While speaking this morning with a client about their portal, the client asked, “don’t you have to do some learning, some education, some training to get people to use the new intranet?”
Big, fat duh coming in right here. Here’s an organization that has focused its intranet or portal on news and one-way content consumption only. They will move to a more interactive, dialogue and transaction-based experience. Of course, you must push people to adopt.
Adoption can be one of the most fun things on which we work. In fact, getting people to adopt new technology needs to be fun, rewarding and about what’s in it for the user. In the past year, we’ve been helping another client with portal adoption. The organization hadn’t previously used much in the way of social tools.
My colleague Melissa Wood designed assignments for users to get them engaged and to teach them new skills. Each one is very specific – as in go create your profile so people know what questions you can answer, knowledge you posses, or interests you have. Or, add a post to a discussion group, email a post, or subscribe to a feed.

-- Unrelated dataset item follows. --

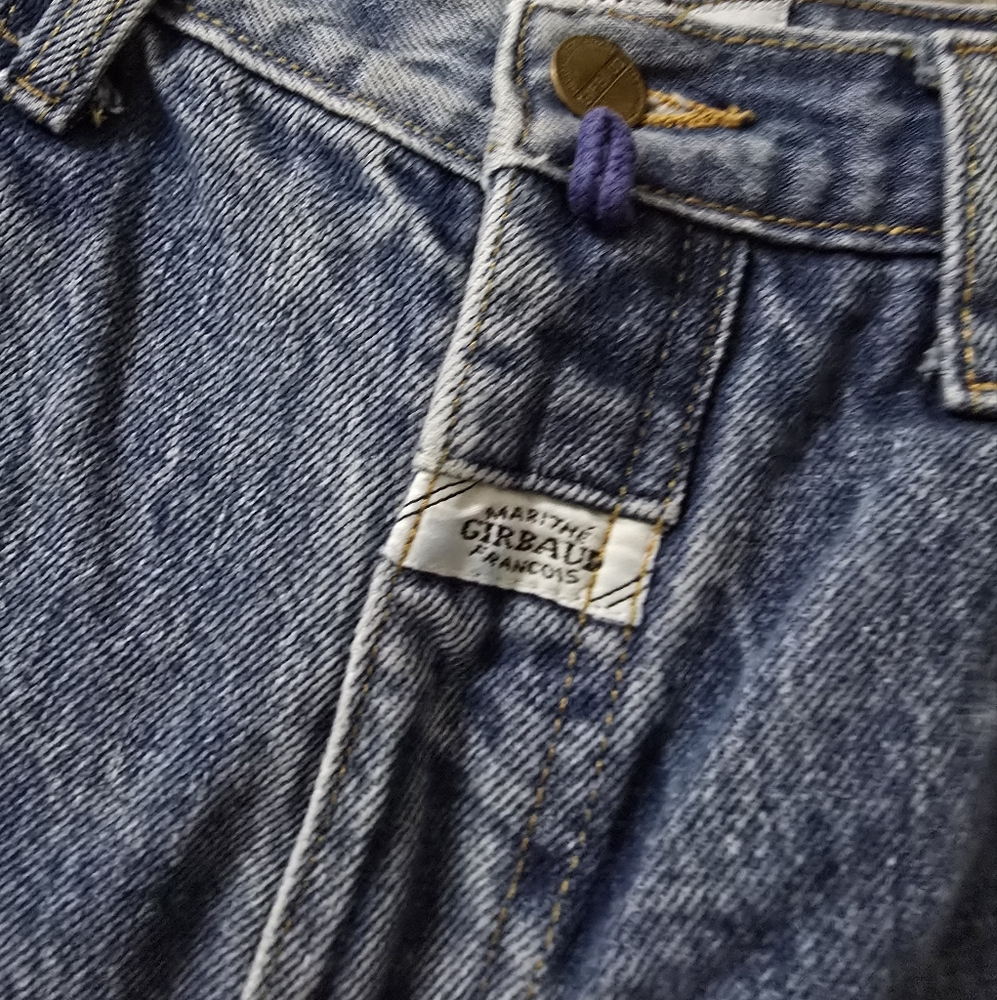 Vintage 90s Marithe Francois Girbaud Femme Stonewash Denim Long Cut-Off Shorts. - Picture 10 of 13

Those who complete the task are entered into a drawing for prizes. But the fun and adoption doesn’t stop there. Melissa has sometimes videotaped the actual drawing and posted the video on the portal. You must go to the portal and view the video to find out if you won. Winners are later videotaped and the video posted as news items.
At every turn, we look for creative ways to make employees try new things. Whether it’s a treasure hunt, a task assignment, a test, or a teaching opportunity – as long as it makes people try, that is what we’re after.
But you have to make adoption personal too. To that end, we like to see clients create a street team –  a global group of people charged with mentoring others, communicating and serving as evangelists. Select people in every place where your company is and give them special tools to help others learn and adopt.
We like street team members to create short, how-to videos that feature their own computer screens and their face as they teach a simple new technique.
What we find is that people like to learn in small bites from people they know. The videos are easy to create and post, small in size, and pretty fun to develop. Seeing an executive teach how to overlay a project calendar on your own calendar is really motivating. People want to try. And trying is the name of the adoption game.
Remember, adoption isn’t about telling them about what’s new. It’s about getting them to DO new things.